No later than seven days before the hearing, you must provide a copy of your most recent federal tax return to the trustee, or a transcript which you can obtain from the Internal Revenue Service. Your case may be dismissed if you do not do this. You must also bring to the hearing a copy of your bank statements covering the date you filed your petition and, if you are employed, a copy of your pay stub covering the same date. The trustee may request that you bring additional documents, including the title to any cars, and a copy of your most recently filed state tax return.
The trustee is appointed by the court and is the representative of your bankruptcy estate. It is the duty of the trustee to determine whether you have properly completed all of the forms and listed all of your assets and your creditors, and whether there is some reason why he or she should ask the bankruptcy judge to deny your discharge. It is also the trustee’s duty to take possession and sell any of your non-exempt property, to examine any claims creditors may file and determine whether they are proper, and to distribute any proceeds of your non-exempt property among your creditors. You might be required to make further court appearances. Also, if anyone objects for any reason to your being discharged from all of your debts, or if any creditor objects to your being discharged from any particular debt, you may have to appear in court to defend your position. In the great majority of cases, these issues do not come up.

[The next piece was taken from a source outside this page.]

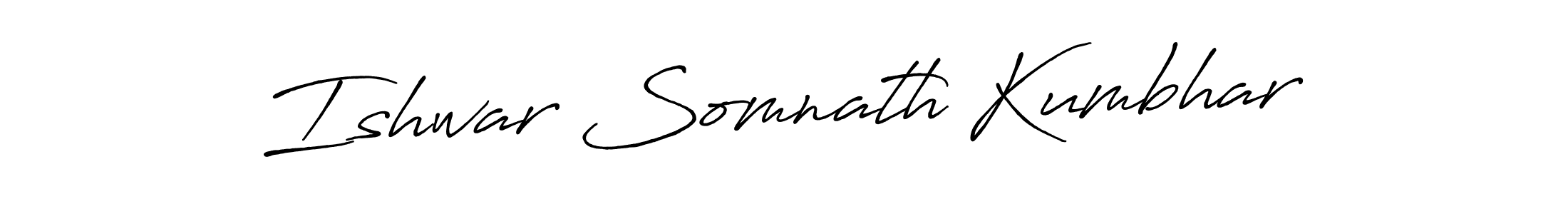 This is the best signature style for the Ishwar Somnath Kumbhar name. Also you like these signature font (Antro_Vectra_Bolder). Mix name signature. Ishwar Somnath Kumbhar signature style 7 images and pictures png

After you file your bankruptcy, but no later than 45 days after the date of your meeting of creditors, you must complete a second counseling course to be eligible for a discharge. This course is on personal financial management. It can be completed on the Internet or by telephone. Depending on your financial situation, you may have to pay a fee. If you do not timely complete this course and file the certificate of completion with the court, the court can close your case without discharging your debts.
If all of your assets are exempt, and no one objects to your discharge, you will receive your discharge from the debts about 60 days after the meeting of creditors.
During the entire bankruptcy process you must be honest and as accurate as possible in the information you put in your petition and with your answers to questions.
You may wonder whether you need an attorney in order to file bankruptcy. The law does not require you to have an attorney. However, completing all the required documents can be difficult. Also, the filing of a bankruptcy petition is only part of a program to regain financial health. If your petition is filed at the wrong time, you may find that the debts you hoped to have discharged are not discharged — and you will not be permitted to obtain a discharge again for eight years.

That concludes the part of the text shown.